EarlyStopping didn't interrupt the learning process because of a unstable validation loss. At about 35 epochs overfitting started but the model was still learning.
After the training the model was almost able to drive track 2 at a full 30mph. It was just cutting one corner a little too much. To fix this I recorded the corner again and fine-tuned the model by loading the pre-trained model and training it for another 2 epochs on just the data of the corner. After that the car was able to drive the second track flawlessly.
(YouTube Link)
To really explore what the NVIDIA model is capable of, I trained the model on ALL my recorded data from both tracks. I used the same setup to train as above. I used 17529 data points to generate 87645 images per epoch.

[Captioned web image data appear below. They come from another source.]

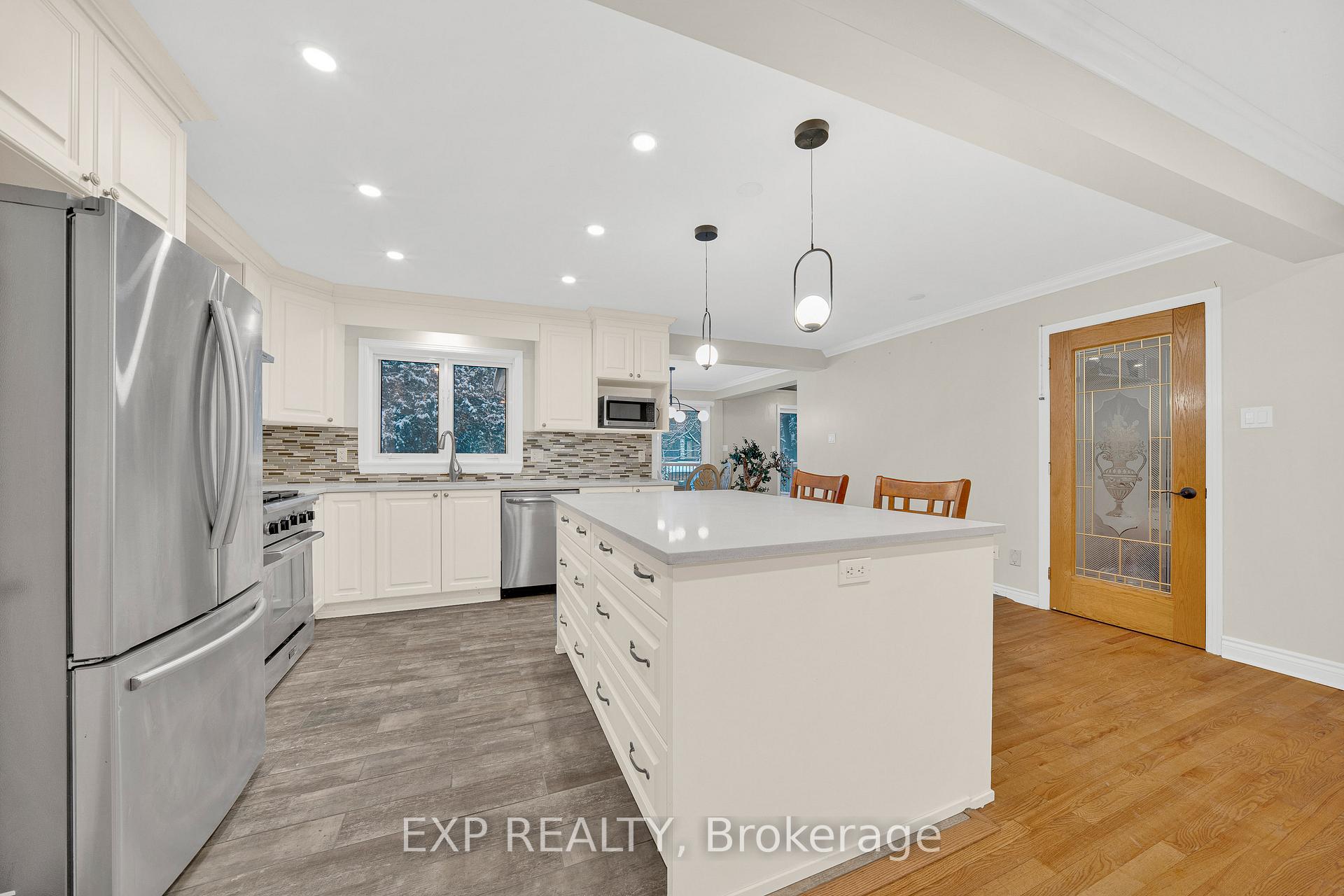 Photo 14 of 661 Blair Road, Ottawa, Rothwell Heights — HOMEH
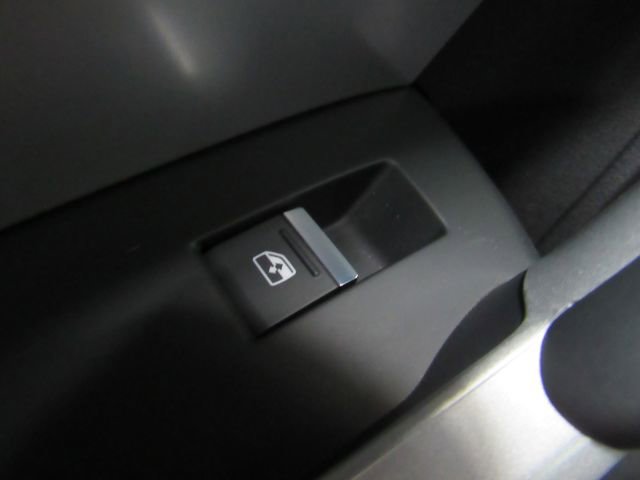 Used 2022 Audi Q3 2.0T Premium Plus w/ Premium Plus Package AWD/4WD image 33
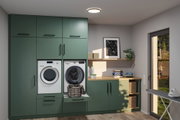 Buanderie moderne avec armoires vertes en bois, machine à laver, sèche-linge et plafonnier LED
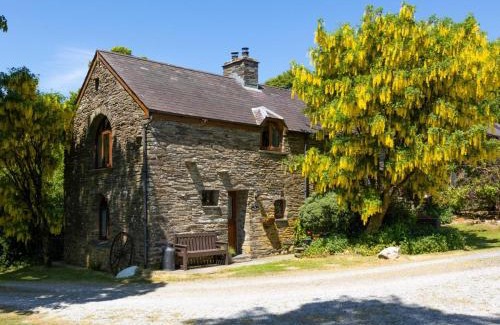 Whitland House | Ysgubor Isaf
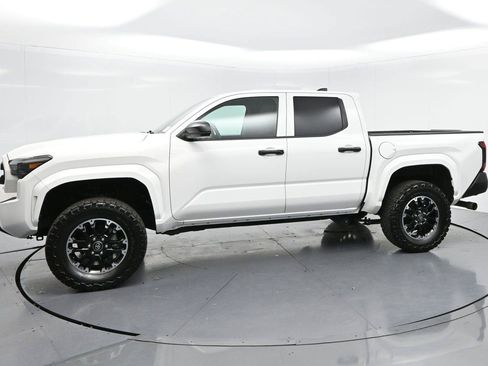 Used 2024 Toyota Tacoma SR AWD/4WD image 4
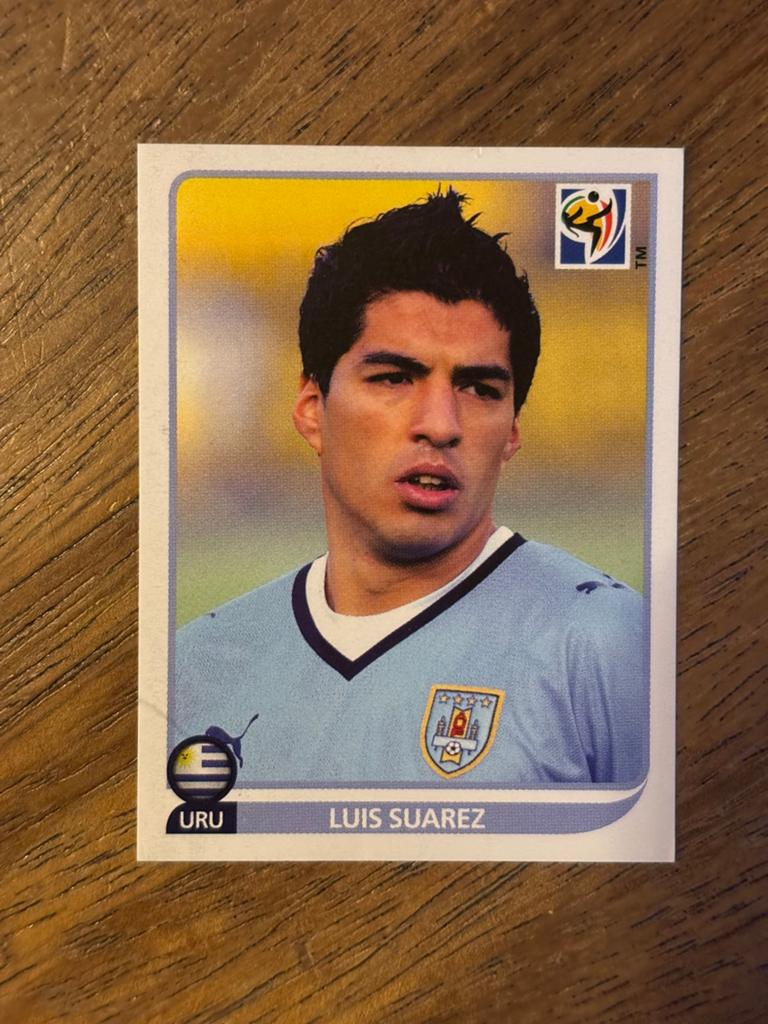 Luis Suarez Panini WK 2010 Sticker - Uruguay #84, Verzamelen, Sportartikelen en Voetbal, Ophalen of Verzenden, Zo goed als nieuw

In the end the model was able to learn both tracks. Interestingly the performance on track 2 was better than on track 1.
(YouTube Link)
- I was not able to generalize the learning enough for the car to drive on track 2 after only being trained on track 1. This suggest that the model is not generalizing very well. A more sophisticated augmentation may be able to drive the car on the second track even after never seeing it in training. But it may not be possible at all.
- Note that I was able to drive the vehicle on the first track after only training it on data from the second track, but with poor performance.
- Some tests with a smaller model on the first track would be interesting. It should be possible to drive track 1 with a way smaller model.
- Test with small datasets would be interesting to see if the model is able to learn track 1 from just one or even half a lap. This should be possible!
This was a fun project! It was very interesting to see what a deep neural network is capable of. I never programmed rules what a street looks like and that the car should stay on it. Nonetheless the model was able to learn the very complex track 2 and learned to drive the "racing line" around track 2 faster than I could. All was needed was data from 4 laps.
The project really showed the benefits of transfer learning, as I was able to fine-tune the model to go around one specific corner.
I learned how to use generators to be able to train on very large datasets.